**Data excerpts:**
____________________
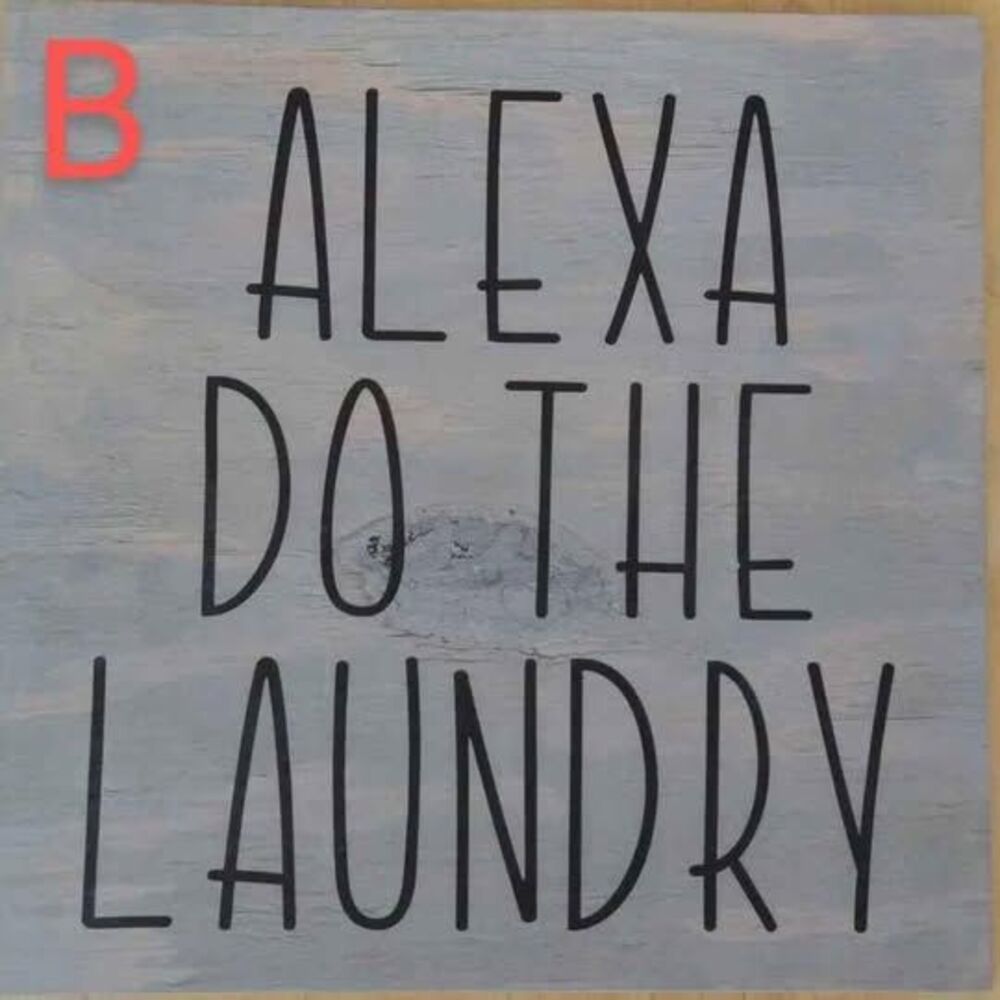 NEW ALEXA do the LAUNDRY 12"x12" distressed gray wooden signs farmhouse homemade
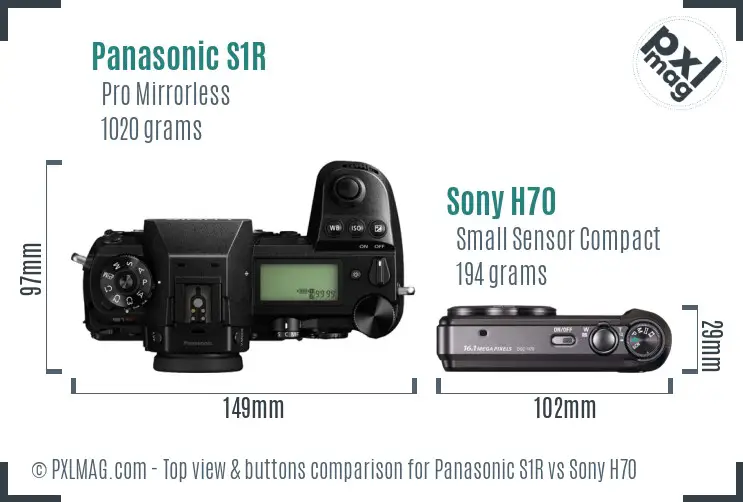 Panasonic S1R vs Sony H70 top view buttons comparison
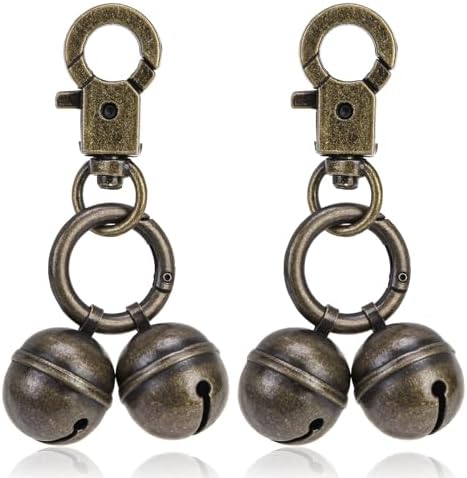 SCENEREAL 2 Pack Copper Bells for Dog Collars with Snap Clips, Extra Loud Pet Pendant Accessories Training Collars Charm for Track Your Pet, Save Birds Wildlife, Cat Cow Bear Jingle Bells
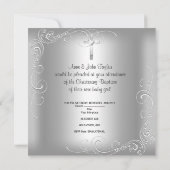 Invitation Baptême Fille Garçon Christ Silver Pearl (Dos)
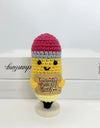 3 Pcs Funny Positive Crochet Sunshine Doll Desktop Ornament Handmade Cheer Emotional Support Positive Sun with Card Home Party Decor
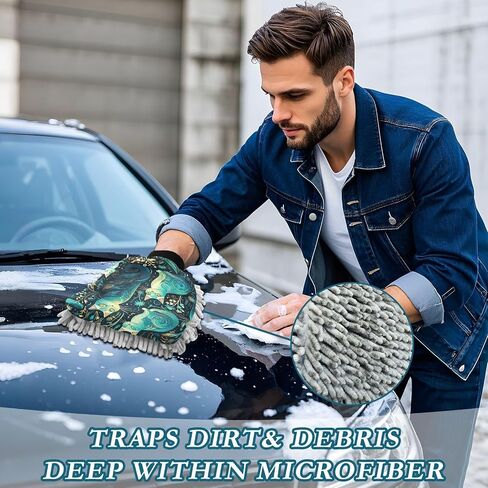 Absorbent Microfiber Car Wash Drying Mitts, 2 Pack, Scratch-Free & Lint-Free, Rich Foam, Highly Absorbent, Double Sided, Wash Mitt Perfect for Car Washing, M, Cat (37) in Saudi Arabia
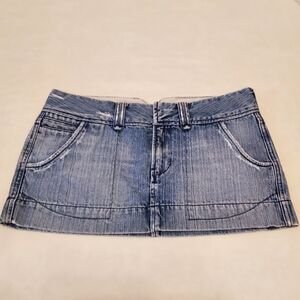 Hollister Vintage Y2K 3 Distressed Denim Mini Skirt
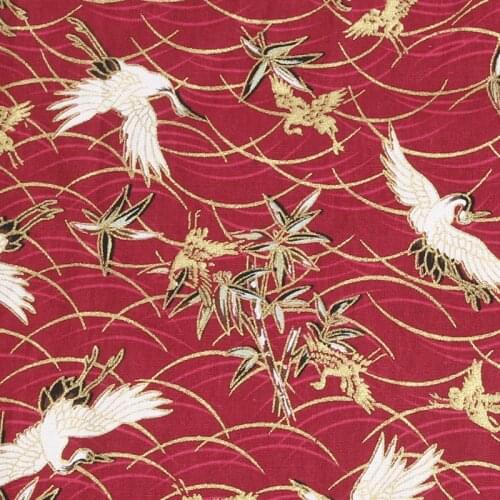 HLQON 100% cotton sateen stretch gold stamp red print fabric for DIY sewing women clothing upholstery tissue wedding dress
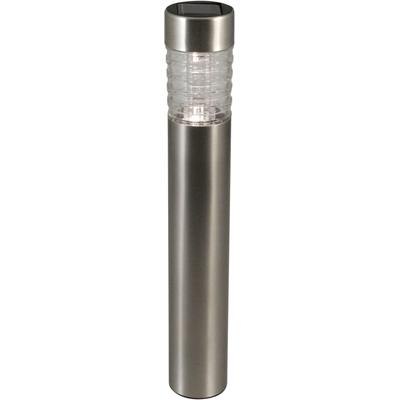 Gartenleuchte LUXFORM "Solar-Gartenleuchten Tacoma 5 Lumen - 3 Stück", silber (stainless steel), 3 Stk., Leuchten, Gartenleuchte, Aus Edelstahl & Glas gefertigt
____________________
**ABOUT THIS TASK:** Starting at the line that holds "HLQON 100% cotton", print each line through the last one of the entries above, exactly and with both ends included; no pictures.

**EXERCISE SOLUTION:**
 HLQON 100% cotton sateen stretch gold stamp red print fabric for DIY sewing women clothing upholstery tissue wedding dress
 Gartenleuchte LUXFORM "Solar-Gartenleuchten Tacoma 5 Lumen - 3 Stück", silber (stainless steel), 3 Stk., Leuchten, Gartenleuchte, Aus Edelstahl & Glas gefertigt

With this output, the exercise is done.